Limitations and Assumptions of Numerical Simulations
9.1 Flow regime and rheology
Determining whether a reconstructed model is realistically reproducing the in-vivo hemodynamic environment is difficult to ascertain as there is no benchmark technique for measuring velocities in-vivo. The flow within AVFs is characteristically unstable, particularly within the anastomosis and may fall within a transitional to turbulent flow regime. Hence, whether the use of a laminar solution and low resolution meshes are adequate to resolve the flow field needs to be determined.

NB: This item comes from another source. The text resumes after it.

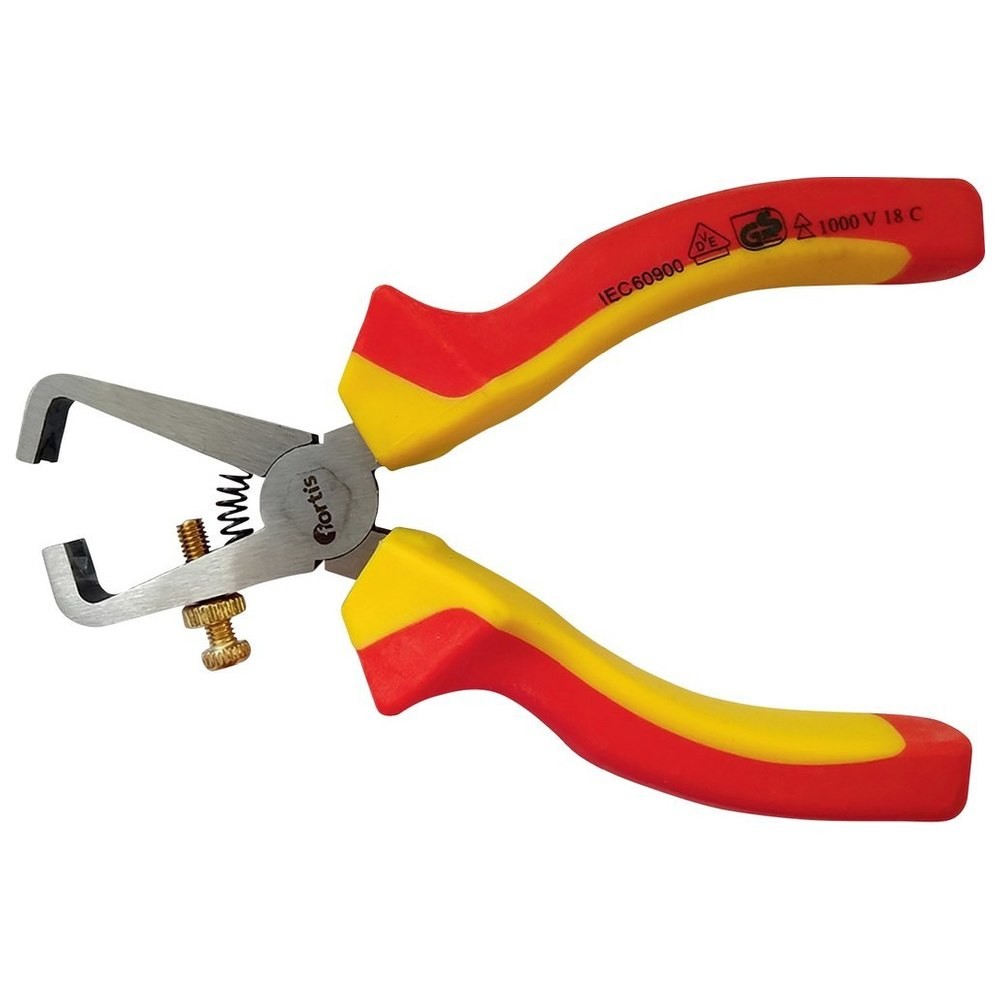 Abisolierzange VDE 160 mm m. M. K. Griff FORTIS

In all the longitudinal studies the viscosity of blood was kept constant, in-vivo it is known that the viscosity of blood decreases during remodelling to promote a return of shear stress to homeostatic values . Only one of the selected articles characterised blood as a non-Newtonian fluid. Despite the high flow environment, regions of low WSS exist within AVFs therefore the influence of blood rheology should be assessed .
9.2 Boundary conditions
Patient specific reconstructions of the domain of interest need to be coupled with realistic boundary conditions. All studies investigated prescribed a transient flow rate at the arterial inlet with the vast majority applying parabolic velocity profiles, flat or Wormsley profiles. Most studies prescribed a targeted flow rate at the venous outlet and the distal artery outlet based on in-vivo measurements. The exceptions prescribed a desired pressure at the venous outlet and recorded a simulated arterial pressure to be within 10% of the mean pressure measured in-vivo [8,19]. McGah et al  utilised a Windkessel model to set the desired pressure at the venous outlet and recorded venous flows rates to be within 10% of the in vivo measurements. However, this boundary condition resulted in a significantly lower pressure drop compared to recent in-vivo and computational measurements [54,55].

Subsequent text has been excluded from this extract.